Radiohead's "In Rainbows" is one of those albums that landed and made a giant splash among the legions of fans and has quickly become a definitive Radiohead master work. As a non Radiohead fan myself, I still appreciate the way that the band consistently release innovative and experimental work that are absolutely unique to the band. The sound is like nothing else out there and each album tends to be a different beast, but I am not as impressed with this as "OK Computer", "Kid A" or "King of Limbs". Thom Yorke is the key member with his high falsetto relaxed vocal approach. Since 'Creep' was released, there has been nothing else like his vocal technique. It may even take a while to latch onto this at times as he becomes muffled and inaudible on some releases. "In Rainbows" gives him a vehicle to shine out his vocals, among some very powerful musical rhythms.

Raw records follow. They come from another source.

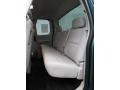 Rear Seat of 2011 Silverado 1500 LT Extended Cab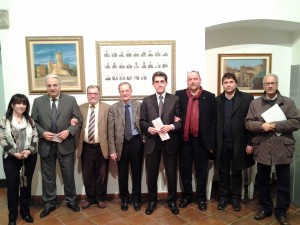 Progetto "Unioni di Comuni" -Field Calabria - Incontro di San Marco Argentano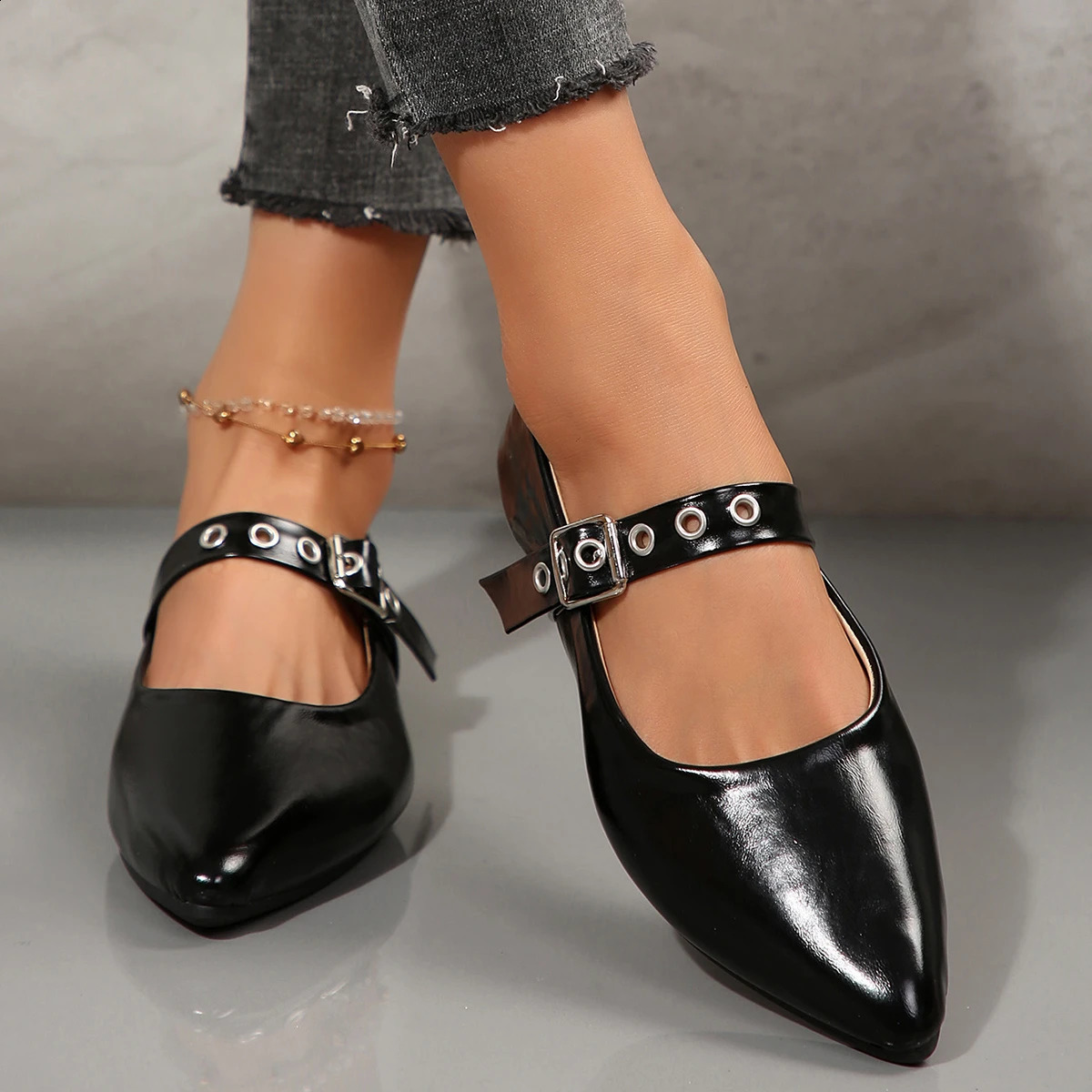 Women Flat Shoes 2024 Spring Autumn Mesh Breathable Loafer Comfortable Sneakers Casual Soft Shoe 241225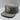 Vegas Golden Knights Evergreen Grey White Cap Grey Snapback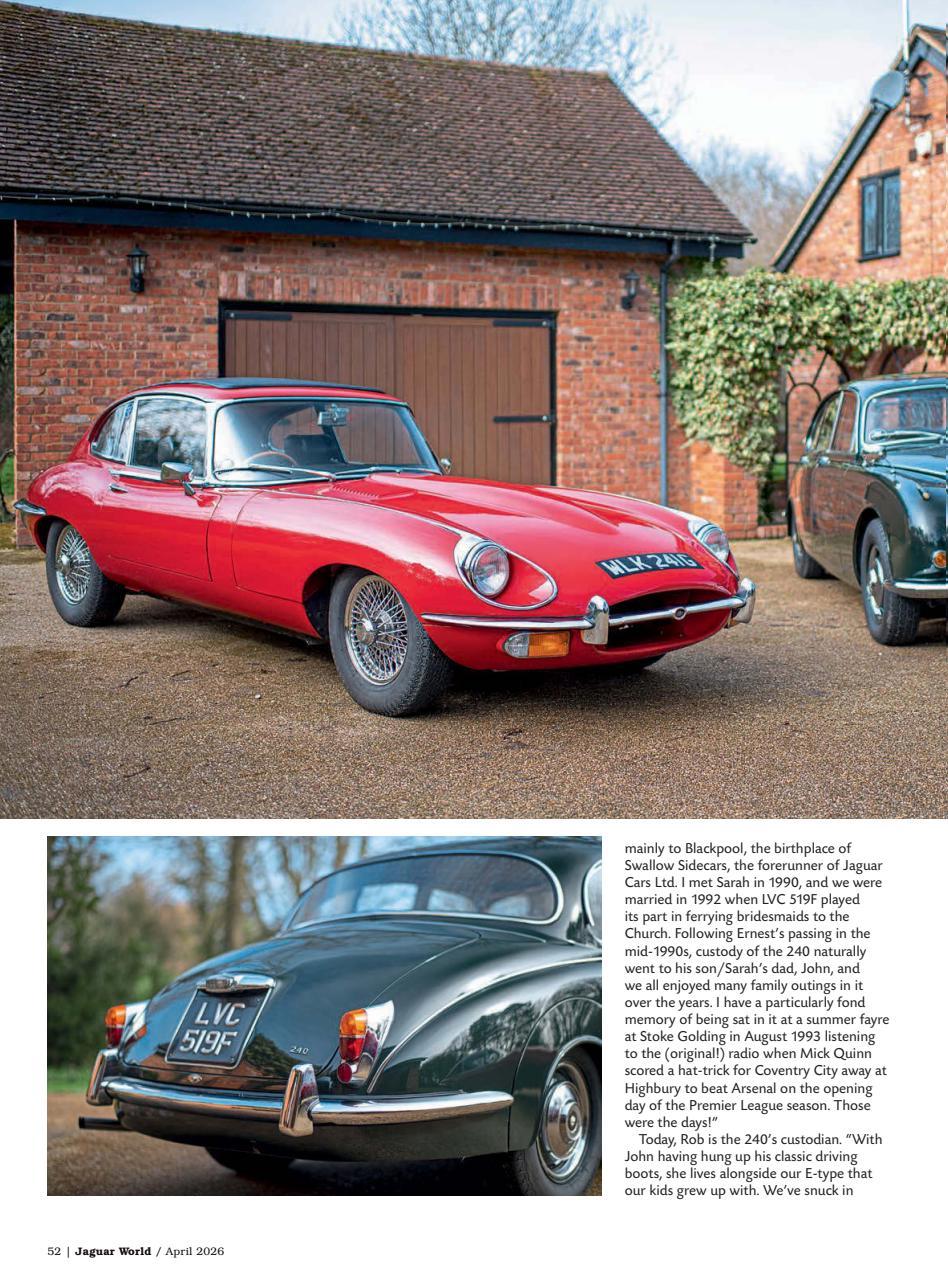 Jaguar World Preview Pages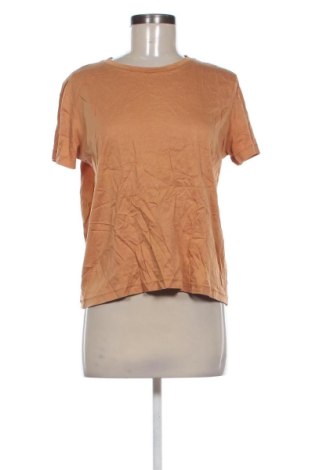 Tricou de femei Zara, Mărime S, Culoare Maro, Preț 34,99 Lei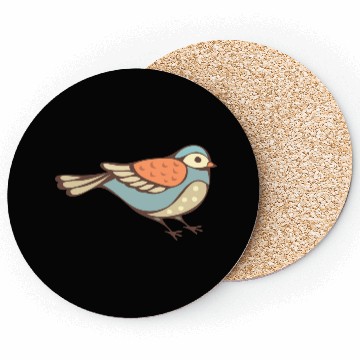 Discover bird Coasters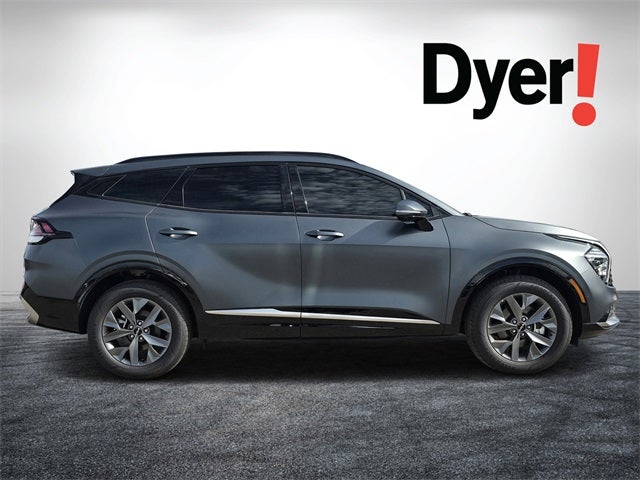 2025 Kia Sportage Hybrid SX-Prestige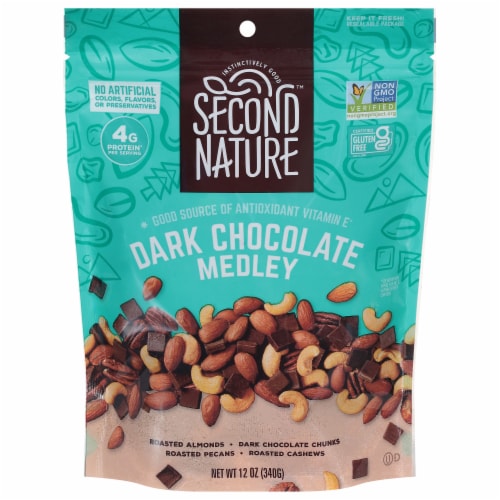 Second Nature™ Gluten Free Dark Chocolate Medley Mix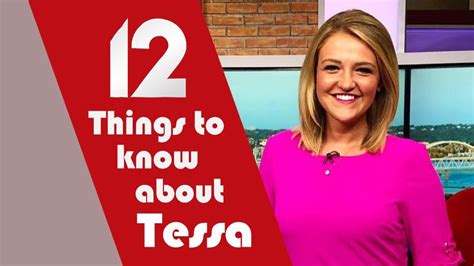 12 Things To Know About Local 12 Reporter Tessa Ditirro Wkrc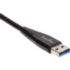 Кабель-адаптер USB 3.1 Type-Cm --> USB 3.0 Am, 2метра  Telecom <TC402B-2M> VCOM TC402B-2M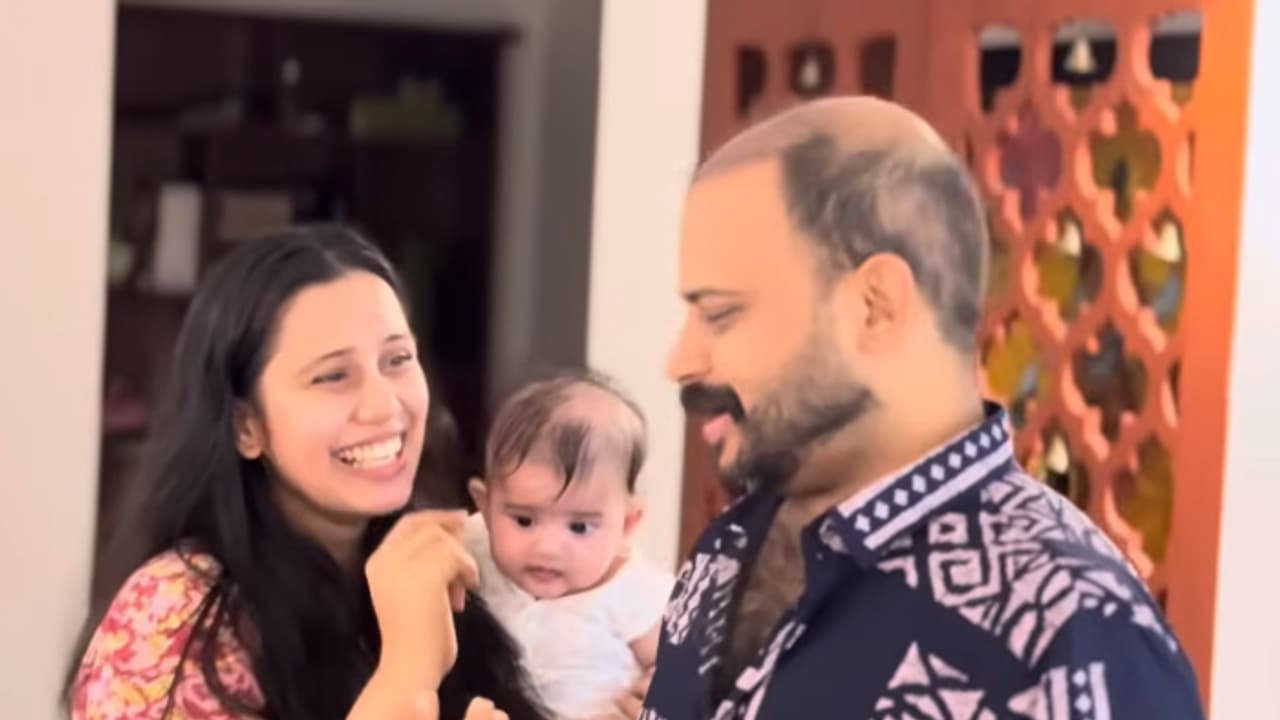 Devika Nambiar, Vijay Madhav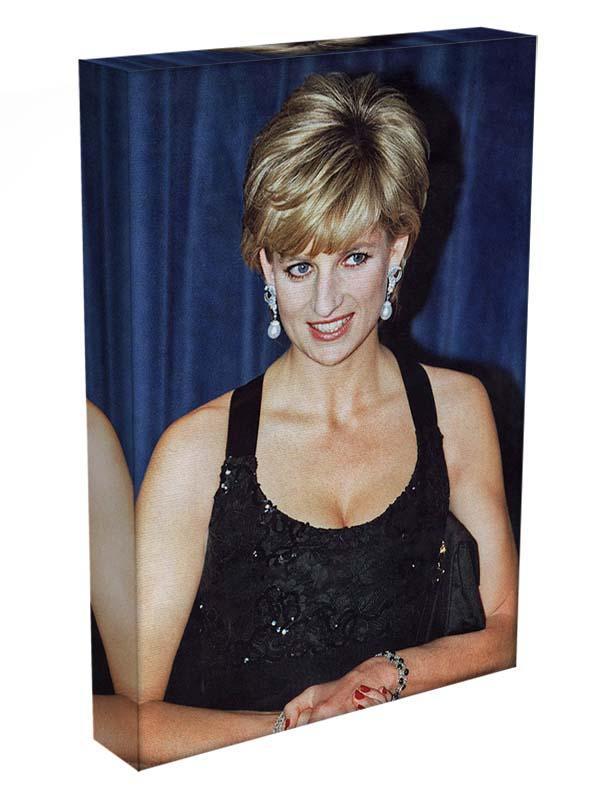 Princess Diana receiving the Humanitarian of the Year award Canvas Print or Poster - Canvas Art Rocks - 3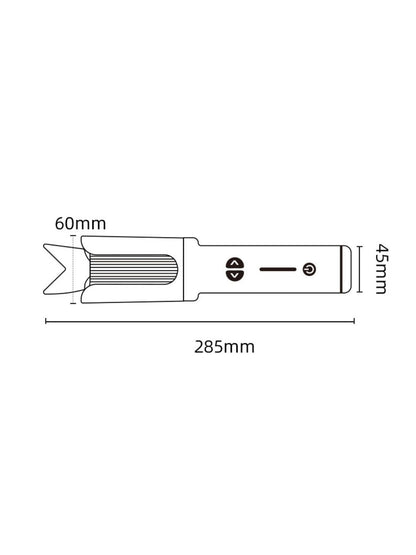 Fast Heating Curling Iron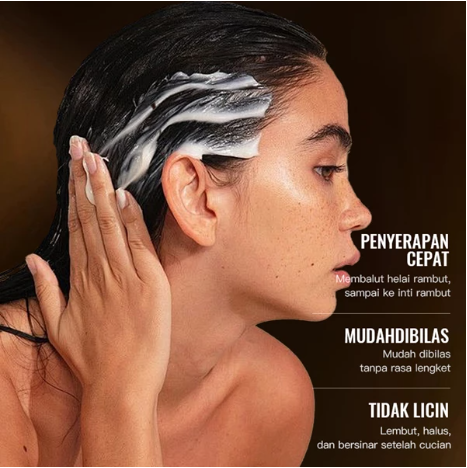 KORMESIC Keratin Smoothing Hair Mask 500ml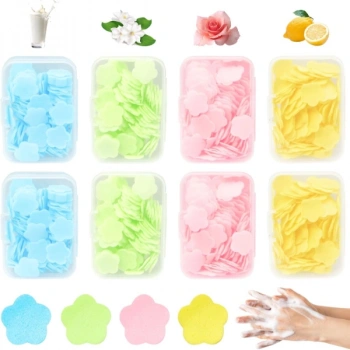 Nevamel Sihirli Sabun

The album begins with fractured percussion and some familiar vocal sounds to Radiohead. I am quite taken with the heavier music on songs such as the driving rocker 'Bodysnatchers' that features an impressive lead break that has spacey Hawkwind overtones, long sustained atmospheric notes reverberate across the heavy soundscape. It has become one of my favourite Radiohead tracks. The ending section is incredible and reminds me a lot like The Mars Volta.

The album settles into soulful darker ambience with the backwards upsweeps of guitar and symphonic strings generating a ghostly preternatural atmosphere on 'Nude'. What is this song about? Yorke has a sad timber in his voice with very high octave range. The guitar is delightful, heard over a jazz fusion percussion.

I like Selway's drumming in particular on this album such as the driving rhythms on 'Weird Fishes/Arpeggi'. Yorke bemoans the though that we are all fishes and we get eaten by the worms. It ois not the first time he has likened us to an animal lifeform of course, you may remember he likens us to insects that are crushed on "Ok Computer". It is all about the infinitesimal human condition battling against the social power structures, or is it simply a suicide note to the world. In any case the music is magnetic and draws one in inexorably towards the darkest recess of the human conscious. Is this why they are such a popular band, the fact that they speak to a dying generation?

It is all rather depressing and continues to get darker on the buzzing drones of 'All I Need'. The synth sounds reminds me of Depeche Mode in their dark era, and it is hypnotically beautiful. "You are all I need, I'm in the middle of your picture, dying in the reeds, perhaps sums up the track, a low point in the protagonist's life.

The album flows into some streams of misery as it continues. We hear the broken fragments of a damaged soul. I am not interested in the droll 'Faust Arp' or the caterwauling of 'Reckoner' with a high falsetto that grates on my nerves, and I think the album really suffers in the final half after a promising start.

The musicianship is fine on 'House of Cards' especially the guitar screeches, and I am quite taken with Yorke's introspective vocals. This is the longest song with a chronometer of 5:28 but it tends to drone on too long with a simple structure and very little diversity, resting on a simplistic riff and spacey sonics.

'Jigsaw Falling Into Place' is a single from the album and certainly is more accessible, though still very Avante rock in terms of structure and feel. The vocals are lower and consequently more audible; "come on and let it out". There is a great rocking keynote metronome swinging beat. The instrumental break is excellent and overall it is a highlight on the album.

'Videotape' concludes the album with a minimalist piano, and Yorke's vocals mixed to the front. I am not a fan of this style, and it seems like it wallows too much on depressing themes and melodies to be enjoyable. Perhaps the appeal of Radiohead is the depressing vibe the band generate, and this no doubt speaks to an unhappy generation. I don't mind this thematic content as long as the music is consistently dynamic and appealing to the ears. Unfortunately this album runs out of steam well before the final piano note, and I can only enjoy the first half of the album and the one track at the end, therefore will have to stick to 3 stars on this one.